The state Department of Health and Social Services is a behemoth in Delaware government. The governor’s new budget proposal would spend $1.4 billion dollars on running the department in the coming fiscal year that starts July 1.
But in budget hearings last week, DHSS secretary Molly Magarik told lawmakers the department is struggling with record high vacancies.
Like many other employers, job vacancies worsened for DHSS during the pandemic. Prior to the start of the pandemic, there were about 500 vacancies in the department. That nearly doubled amid COVID-19.
Out of 4,000 total positions, more than 900 are currently unfilled. That’s more than 20 percent of all DHSS jobs.
“We still continue to have record high vacancies,” Magarik told members of the Joint Finance Committee in Dover last week. “Really, our vacancy rate keeps going up and across the department.”
She said while nearly 23 percent of all positions across DHSS are unfilled, in some parts of the department that number is as high as 50 to 60 percent.
State Sen. Trey Paradee asked what DHSS was doing to help fill the gaps.
“The folks where you really have a need are really the people that are on the front lines, people who were delivering services,” he said. “What can we do to help you?”
She pointed to Gov. John Carney’s plan to increase pay for workers across state government as part of the solution.
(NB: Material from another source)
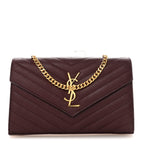 Grain De Poudre Matelasse Chevron Monogram Chain Wallet Rouge Legion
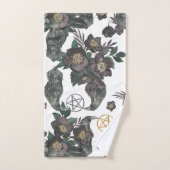 Mystieke Bloemen & Pentagram Badhanddoek Set Bad Handdoek (Handdoek)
That proposal in his $7.2 billion spending plan includes $149.7 million for raises of 3 percent to 9 percent for state employees.
DHSS is also working on a plan to provide state funded training for nursing assistants, paying them to get trained while they work.
“We hear frequently that these are lower wage jobs, and so to then ask people to come out of pocket, to go to school, to potentially work in a job that doesn’t provide them flexibility is setting ourselves up for failure,” Magarik said. “So we’re very excited about that.”
She said the department is also looking at possibly reclassifying some health care positions in the state to make the pay rates more competitive with hospitals in the state.